Interné pour parricide, le héros principal, Artiom Goriaïnoff, s’y débat au milieu d’une foule hétéroclite de détenus, truands ou tchékistes, intellectuels ou artistes, putains ou princesses, officiers de l’armée blanche ou soldats de l’armée rouge, scientifiques ou prêtres, tous confrontés à un enfer glacé où l’instinct de survie prime bien souvent l’esprit de camaraderie.
Points forts
- L’Archipel des Solovki , servi par une érudition sans failles fruit de plusieurs années de recherches documentaires, est d’abord un roman, mais les amours chaotiques d’Artiom et de Galia ne sont que prétexte à peindre un monde concentrationnaire méconnu, une société artificielle telle que peuvent en engendrer les convulsions de l’histoire, révolutions ou guerres civiles.
Les déportés peuvent ainsi organiser dans leurs cellules des « soirées athéniennes » où l’on parle littérature et philosophie entre aristocrates cultivés avant de se retrouver le lendemain à charrier des grumes dans une eau glacée en compagnie de moujiks illettrés sous la férule de gardiens sadiques.
Prilepine met en scène ce que taisent les témoignages, même sincères : C’était cela, les Solovki, un enfer, oui, mais où finissait de fleurir le « siècle d’argent », l’effervescence artistique et littéraire des premières décennies du XXe siècle.
-La complexité des protagonistes, tous capables du meilleur et surtout du pire, tour à tour exaltés et naïfs, cruels et joyeux, désespérés et croyants, indifférents et chaleureux… Le seul sentiment qui leur demeure étranger est celui de la pitié, pitié pour eux-mêmes ou pitié pour les autres.
Ainsi du chef de camp Eïkhmanis, (avatar transparent du directeur historique Eichmans, compagnon de Trotski) convaincu de diriger non pas une prison mais un laboratoire, une fabrique d’hommes nouveaux, arguant des réalisations scientifiques, éducatives et artistiques menées au sein des Solovki et gommant les normes de travail inatteignables, le froid, la faim, les tortures et les exécutions.
-Les descriptions hallucinantes de cauchemars semi-éveillés engendrés par un froid intense et un estomac racorni et qui confinent chez Artiom à la schizophrénie.
Quelques réserves
-Le titre qui renvoie à L’Archipel du Goulag parle évidemment plus au lecteur français que le titre originel Obitel (Monastère) mais il atténue la dimension transcendantale présente tout au long de l’ouvrage, en particulier lors de la scène fascinante où le Père Ioan entraîne une bande de mécréants affamés et glacés à une confession publique suivie d’une communion symbolique.
-Des longueurs, normales vu le nombre de pages, mais particulièrement sensibles dans l’interminable virée d’Artiom et de Galia en mer blanche au cours de laquelle ils manquent de s’entretuer.
Encore un mot...
Prilepine établit une filiation entre les périodes tsaristes et soviétiques, les premières ne le cédant en rien aux secondes en termes de cruauté, alors que demeure immuable la pérennité de l’âme russe.

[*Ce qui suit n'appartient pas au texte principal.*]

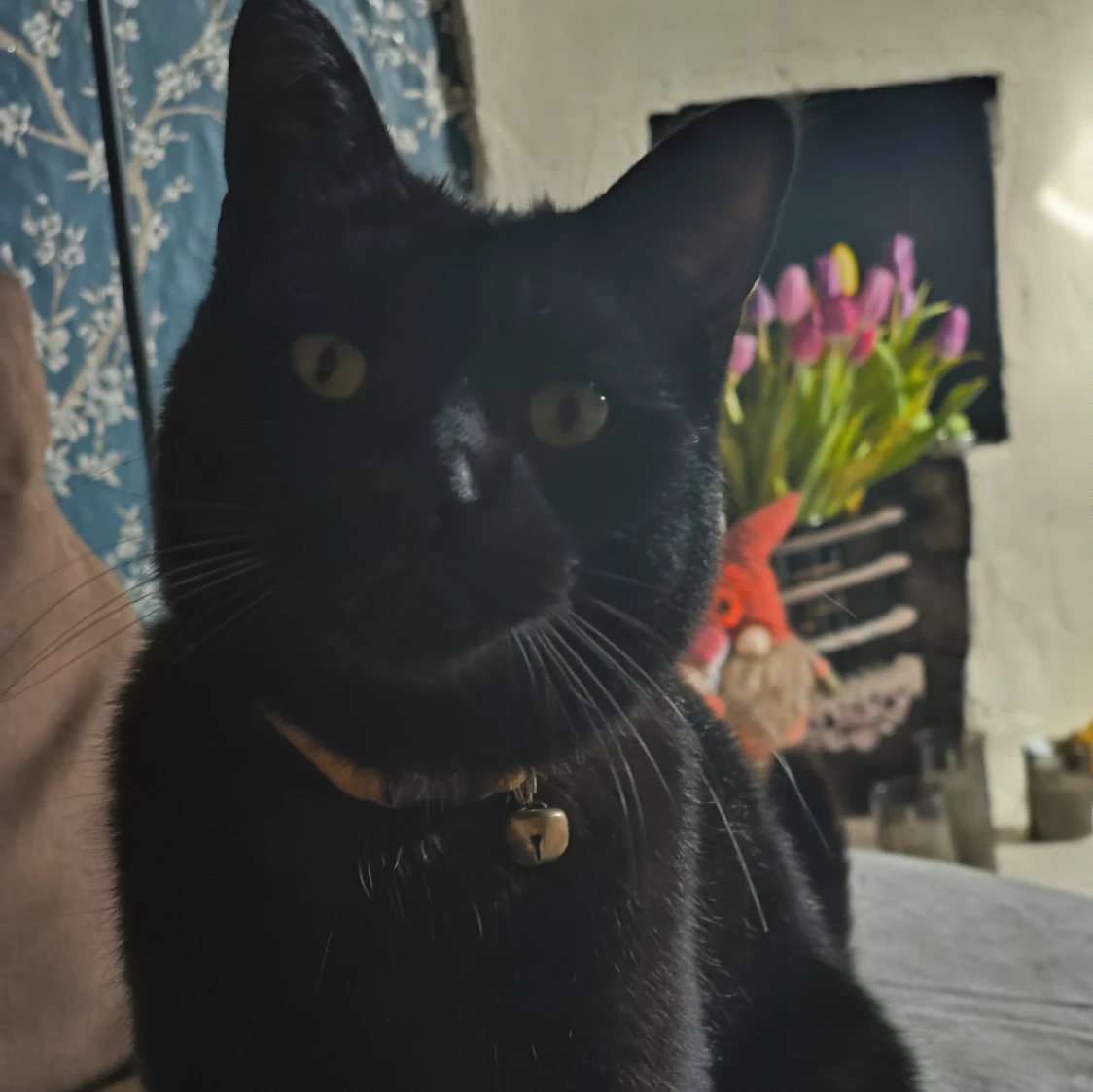 Nigel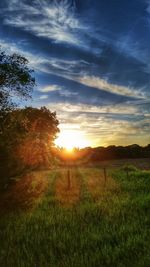 Scenic view of grassy field against sky at sunset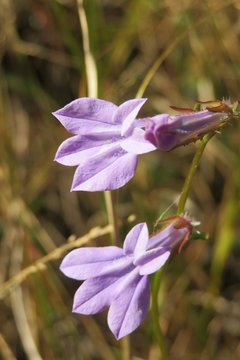 Purple Triteleia flowers on the meadow in Florida nature, closeup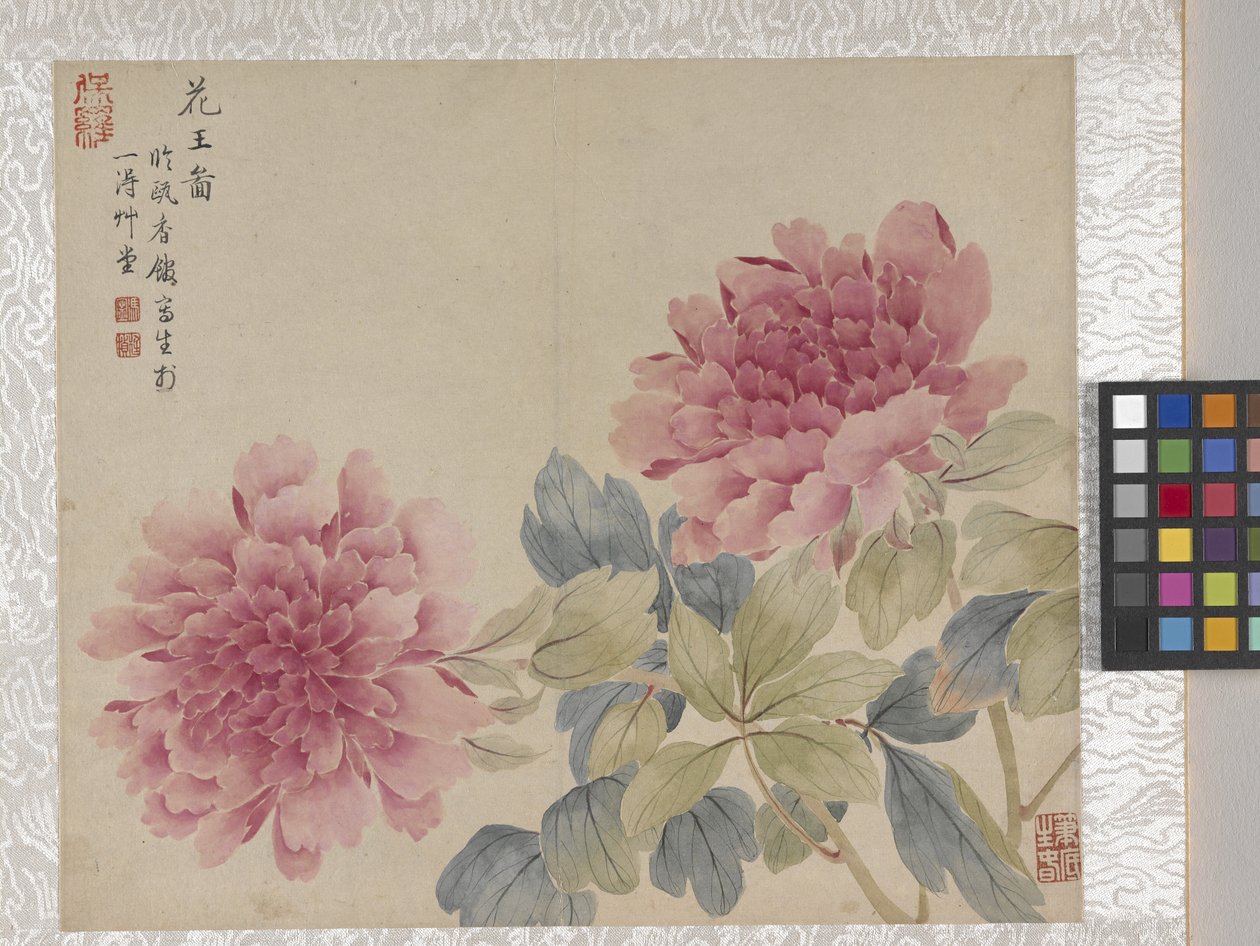 8 叶花卉册，17 世纪中期（纸张上的墨水和色彩） 作者 学校中文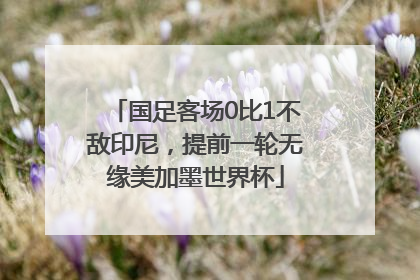国足客场0比1不敌印尼，提前一轮无缘美加墨世界杯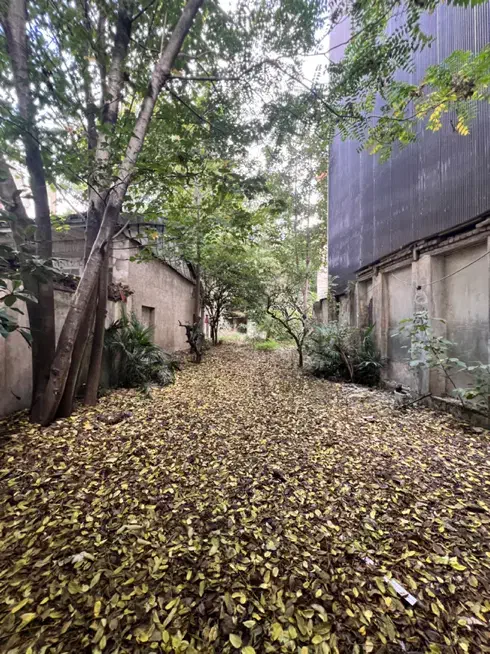 اجاره کافه رستوران بوتیک هتل|اجارهٔ مغازه و غرفه|رشت, چله خانه|دیوار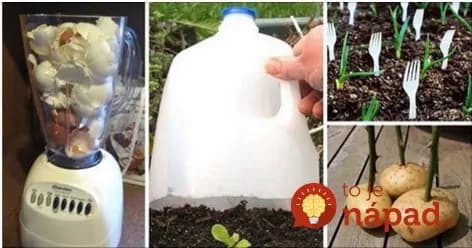 15 trikov, vďaka ktorým bude vaša záhrada najkrajšia v okolí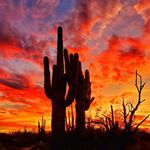 Fran Conklin - @fran.conklin.777 - Instagram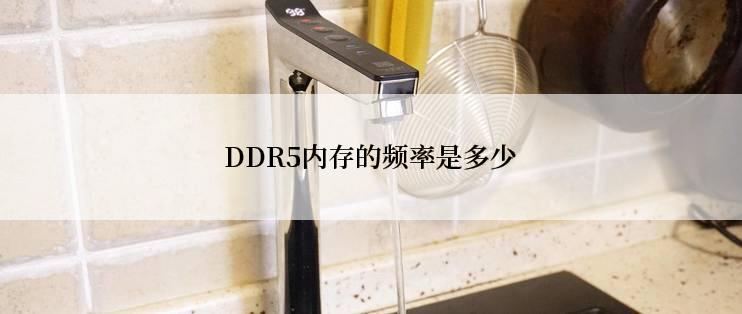 DDR5内存的频率是多少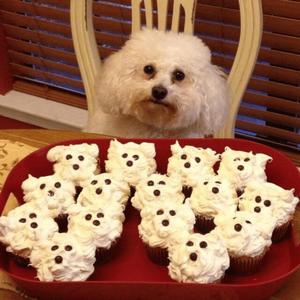 off white (feat. 14cellar)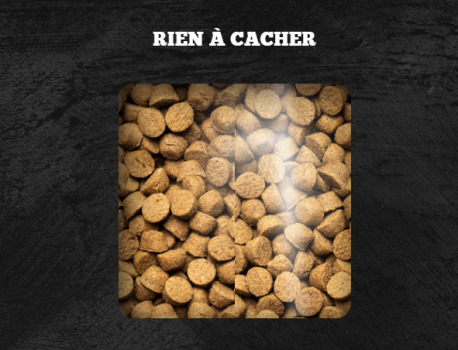 Nourriture sans grains pour chats à la viande rouge - Oven-Baked Tradition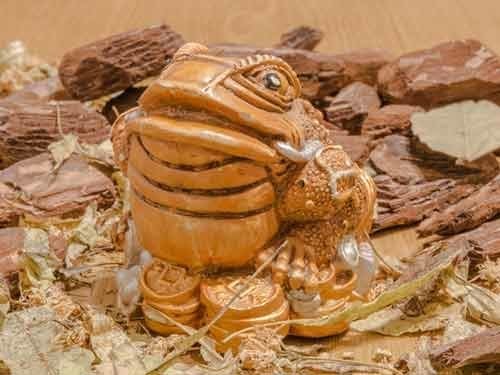 Golden Toad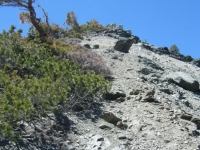 North Backbone Trail - Wrightwood CA Hiking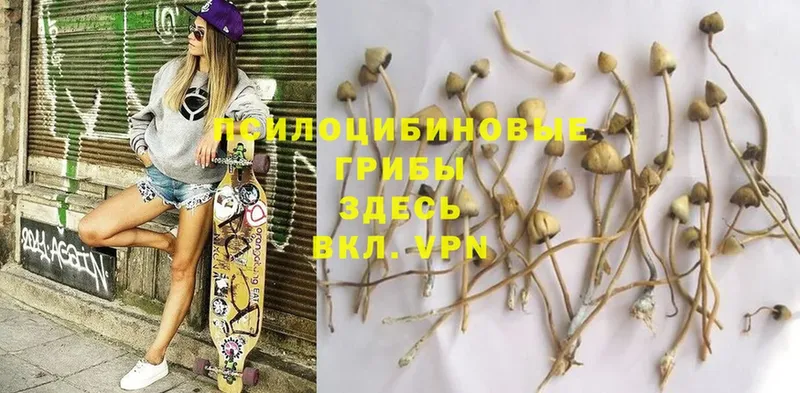 Псилоцибиновые грибы Magic Shrooms  Бокситогорск 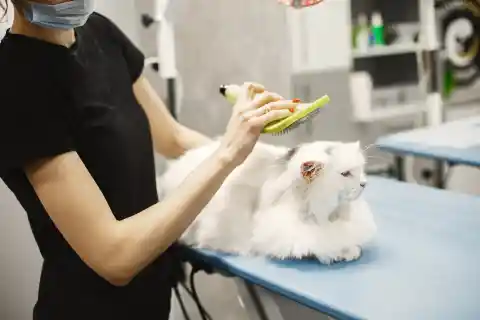 Getting To The Vet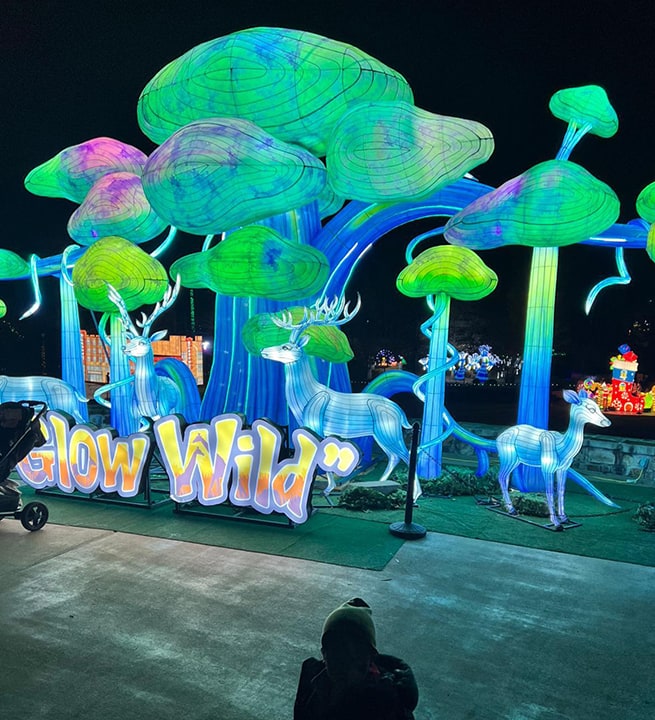 Glow Wild at the Birmingham Zoo December 2024 - 2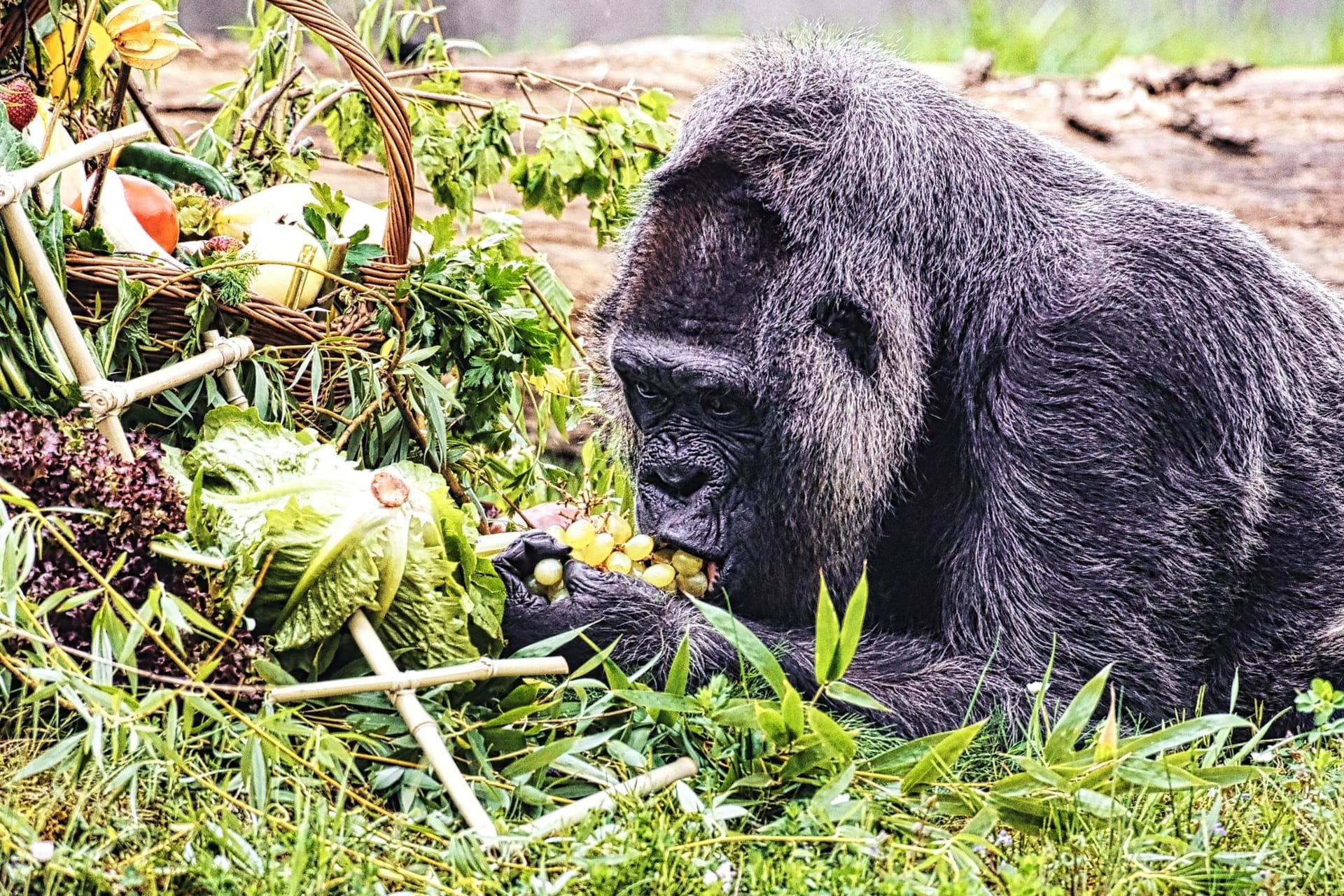 Gorilla Fatou feiert Geburtstag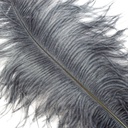 Gun Metal Grey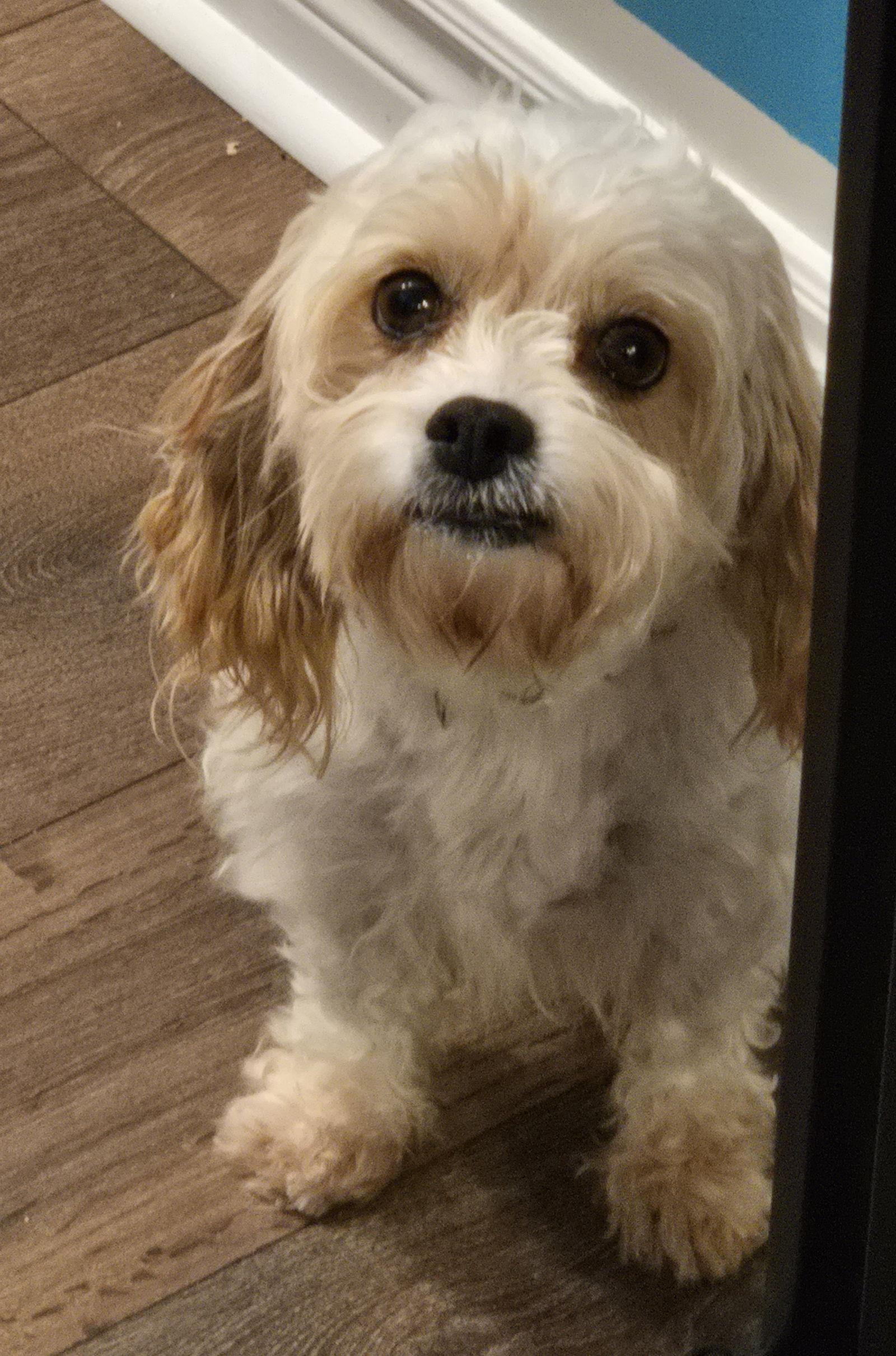 Enlarge Bitsy 4423, a Adopted mixed breed in Pickering, ON image 2/3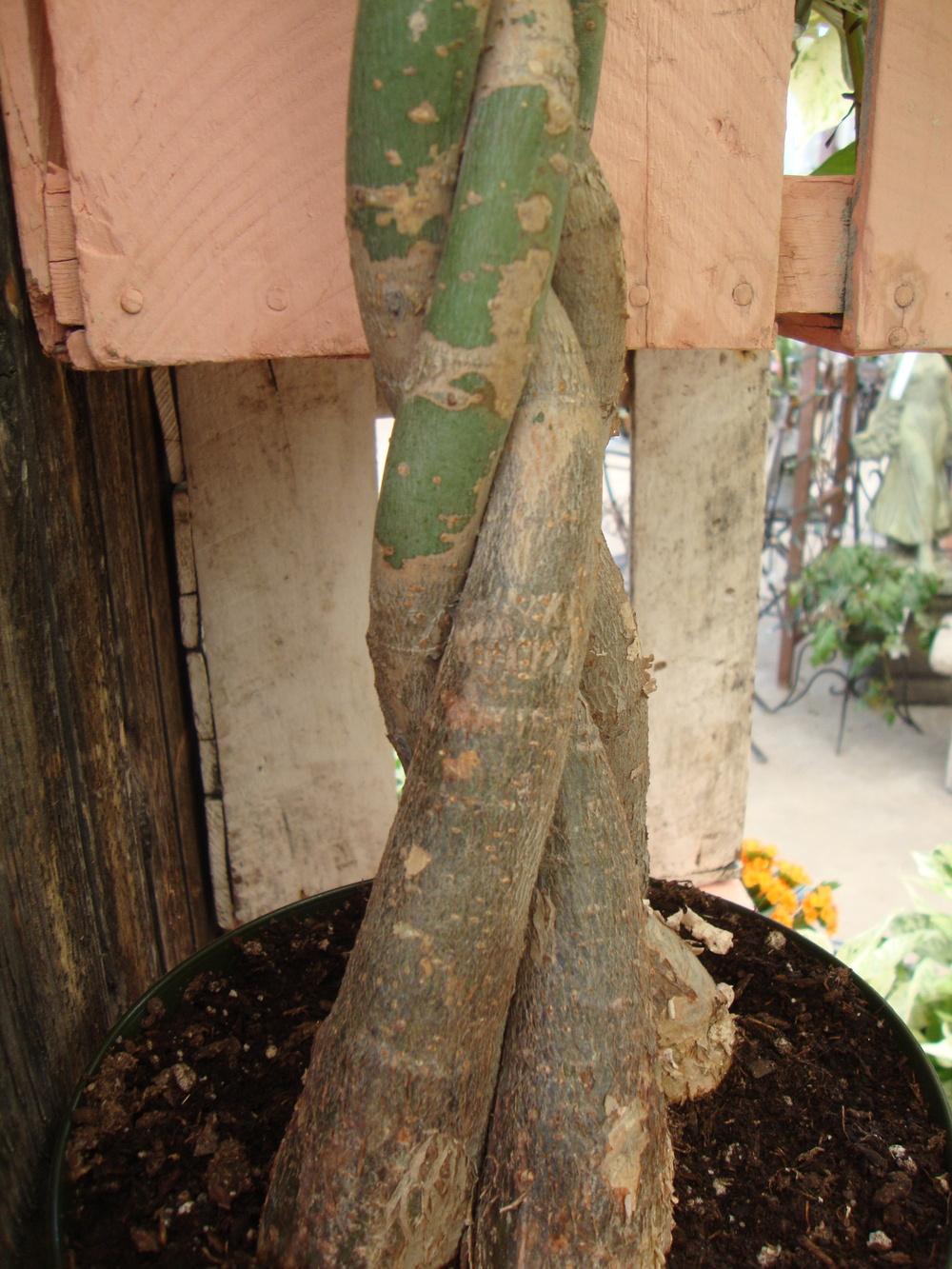 Photo of Money Tree (Pachira aquatica) uploaded by Paul2032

En ce sens, il se situe plus près de Dostoïevski que de Soljenitsyne : « J’ai voulu écrire moins sur les camps que sur les Russes » dit-il sur Arte lors de l’émission du 17 octobre 2017.
Une phrase
( P.713 Une commission de contrôle venue de Moscou fait un constat qui présage le développement du Goulag) :
La commission s’attendait à trouver, dans le régime des Solovki, le premier camp de travail de l’Union Soviétique, un ordre légal plus ou moins établi. La bonne mise en route apparente de la production, les travaux à grande échelle consommateurs de main d’œuvre, un vaste programme de construction de logements, la présence de cadres tchékistes relativement solides, tout cela semble-t-il, aurait dû assurer un aménagement normal du travail… En réalité, c’est le contraire qui s’est produit. Sur la base de données ne concernant que le processus du travail, la commission arrive à la conclusion qu’à multiplier les outrages, les passages à tabac et les tortures sur les détenus, on a fini par en faire un véritable système.
L'auteur
Né en 1975 dans un petit village de la région de Riazan, Zakhar Prilepine, se définit comme national-bolchevique c’est-à-dire qu’il a des idées de gauche imprégnées de l’histoire et de la littérature russes. C’est un écrivain de combat, au sens propre du terme puisqu’il a participé aux deux guerres tchétchènes en qualité de commandant et s’est engagé début 2017, lors de la guerre du Donbass, dans les forces militaires de la République populaire de Donetsk à la tête d'un bataillon de volontaires ; il s’impose à 45 ans comme l’un des plus grands romanciers russes contemporains avec L’Archipel des Solovki.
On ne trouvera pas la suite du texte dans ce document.